AFA price of the Board is concerned I got it from Np Delhi and confirmed it with ebay.in

RAM does not make much of a difference. How ever i would choose a faster ram rather than more ram. In other words I would go for 2GB 1333 Mhz rather then 4GB 800 Mhz. You can go with 4GB 1333 as well if  your budget permits, its just 1300 bucks for a 4GB G.Skill or Corsair stick. (Both are good choose any. I'd go for G.Skill if do you want my opinion)

HDD - 1 TB WD green best n inexpensive

Case you already decided, but I wonder if that would suit your budget it 5K+

Finally go with what your heart says ...... if you want quality, that should last long, no nonsense issues, just works ... and ofcourse you can afford as well... I'd say go for ... i3 2100 and H67 combo ......


----------



## Cilus (Sep 3, 2011)

Aj12, we have never suggested you E-350 which is just a nettop processor, not a desktop one. So obviously i3 2100 wins. We were talking about A8 3800 processors.
Kro, AMD driver has driver instability problems when you Crossfire a dedicated GPU with the Llano's integrated GPU, but the problem is only some of the games, not in wathcing movies.
2ndly AMD driver's has also improved a lot in non-Windows based OS like Linux.

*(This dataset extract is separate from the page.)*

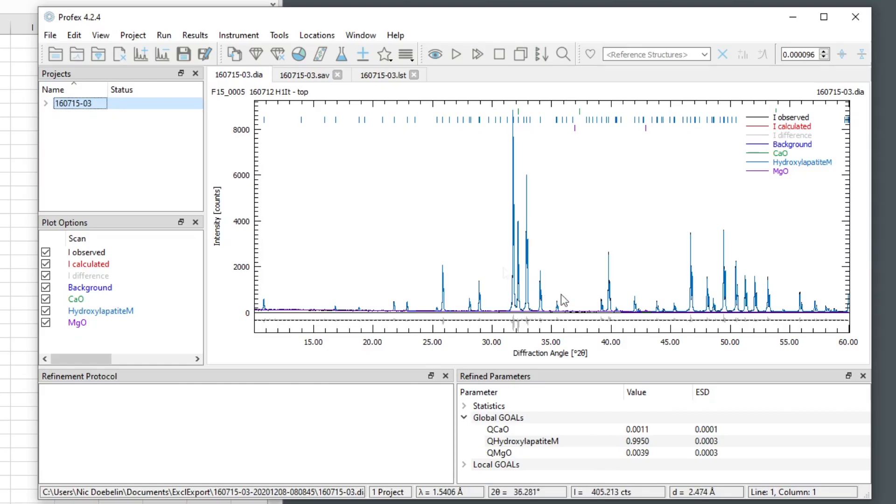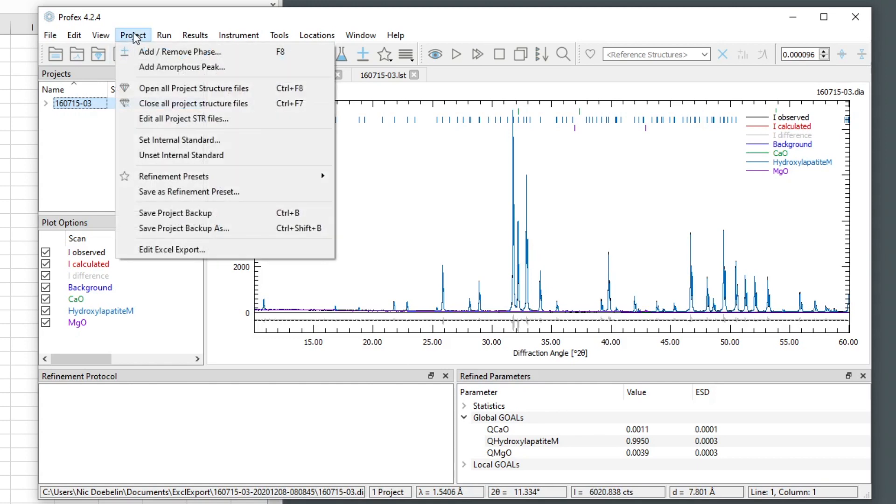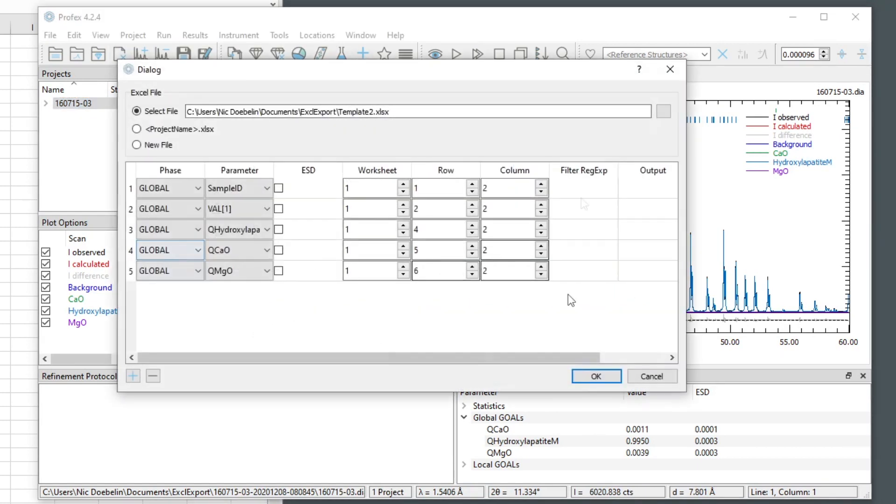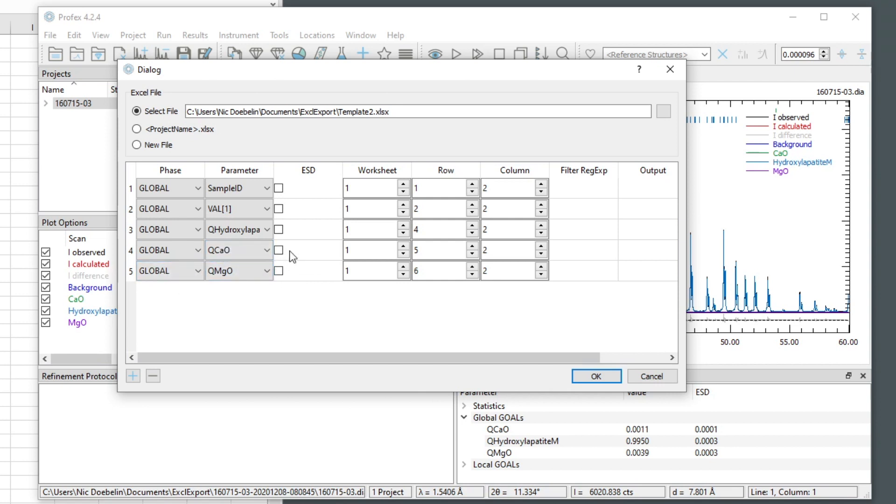Now let's look at some more options in this configuration dialog. I have a checkbox here in the column ESD. And if I check it, it will not output the value of this refinement result, but its estimated standard deviation.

Here is one quote from wikipeia:-


> Linux version has been criticized for its perceived stability and performance issues as well as lack of options. The state of the driver has improved over time with AMD trying to work in concert with application developers, although for most instances the drivers are considered to be solid enough for most tasks and functional for most users.[13]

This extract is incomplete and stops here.